Now it appears that these powerful defence mechanisms can be overcome. Researchers in Denmark have found that obese people who had shed an eighth of their weight on an intensive diet and then kept it off for a year saw dramatic changes in the chemicals governing their appetites.
Signe Sorensen Torekov, associate professor of biomedical sciences at the University of Copenhagen, said the study demonstrated that it was possible to defeat the body’s natural resistance to losing weight.
“It’s very difficult to fight the hunger,” she said. “It’s like a drug you’re fighting against. This would have been an excellent mechanism 50 years ago, but the problem now is that we have so much food available that we can eat all the time.
“We were able to show that you shouldn’t give up. If you’re able to keep your weight down for a year, then it shifts and it becomes easier.”
The effect relies on three molecules that influence how much people eat. After a meal, increases in two hormones called GLP-1 and PYY rein in appetite. Ghrelin, a hunger hormone, dwindles as the food is digested and its sugar enters the bloodstream. For many overweight and obese people, these compounds conspire to keep them hungry for longer, making it harder for them to cut their food intake.
The Danish scientists put 20 obese adults on an exacting diet of powdered shakes and soups for eight weeks so that each lost an average of 12.5kg (28lb). Over the following 12 months they stayed on a tough eating plan to help them stick to their new weight.
When the year was up, the researchers found that their participants’ bodies were much better at dampening their appetites after a meal, ramping up the hunger-curbing hormones.
After a 600-calorie energy drink they produced 65 per cent more GLP-1 than they did before the weight loss programme, indicating that they were more sated. Dr Torekov said the obese patients had in effect changed their “set points” — the weight their bodies strive to maintain.
Fiona Gribble, professor of endocrine physiology at the University of Cambridge, said the findings showed that keeping weight off could become easier if people persevered, although the changes might also be down to moving away from a fatty diet. “I think it’s very good news,” she said.
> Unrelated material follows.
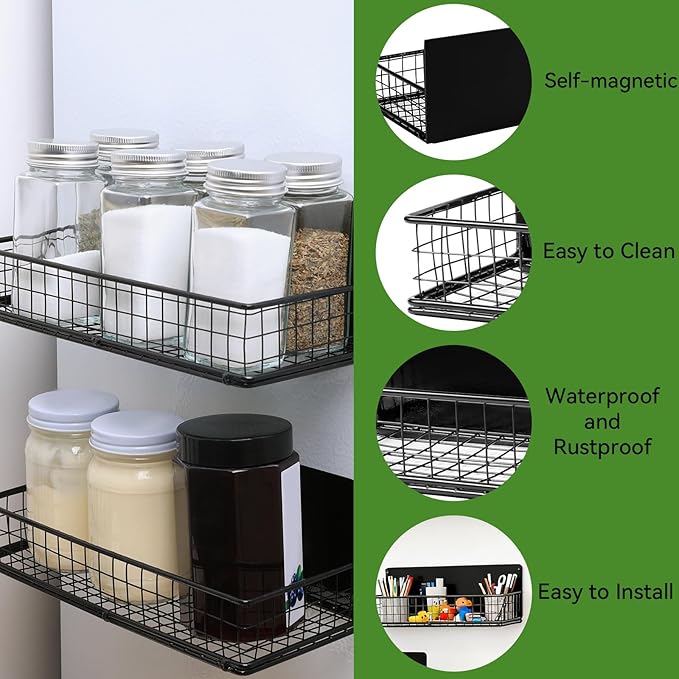 2 Pack Magnetic Basket for Fridge, Magnetic Spice Rack for Side of Refrigerator, Small Magnet Wire Bin Basket Fridge Shelf Organizer Kitchen Classroom Whiteboard Pantry Office Storage, Black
However, Giles Yeo, a hunger hormone expert also at Cambridge, said that without comparable results for a group of obese people who had tried and failed to keep the weight off, it was impossible to be sure that the method worked. “The real answer is that your body will fight for ever in order to stay the same weight,” he said. “The gut hormone levels are interesting, but you need to be looking at how the brain responds as well.
“At the moment, everything tells us that the brain will continue fighting and trying to get you to put the weight back on until the day you die. A recovering alcoholic is an alcoholic for life: in a similar way, an obese person who is no longer obese will always be an obese person on the inside, so to speak.”
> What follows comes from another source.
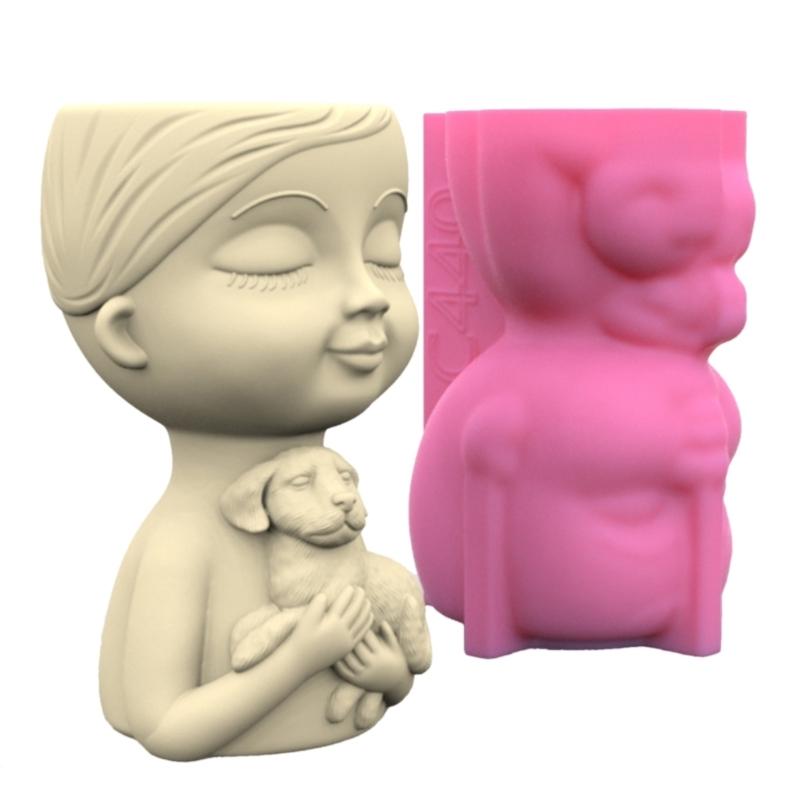 Boy and Puppy Succulent Pot Mold for DIY Concrete Flower Pots Resin Mold Pen Holder Resin Mold Desktop Decoration Home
Dr Yeo said that it might be more effective to give obese people doses of a fat cell-derived hormone called leptin, which appears to trick the brain into thinking you have eaten more than you actually have. Early trial data suggests that this helps the overweight to consume fewer calories.
The study is published this week in the European Journal of Endocrinology.
•When fat people say that they cannot help overeating, they may be right. A part of the brain involved in weighing up choices was thinner in obese people, suggesting that they have more difficulty overcoming subconscious urges, scientists said (Chris Smyth writes).
Blaming a lack of willpower is “simplistic” but bans on muffins at coffee shops, snack advertisements and other temptations could be the best way to fight obesity, the researchers said.
Paul Fletcher, professor of health neuroscience at the University of Cambridge, who carried out the study whose results were published in International Journal of Obesity, said: “You can educate people and get them to value healthy foods but something seems to happen when food is actually there. It’s almost a pavlovian impact that overcomes their best intention.”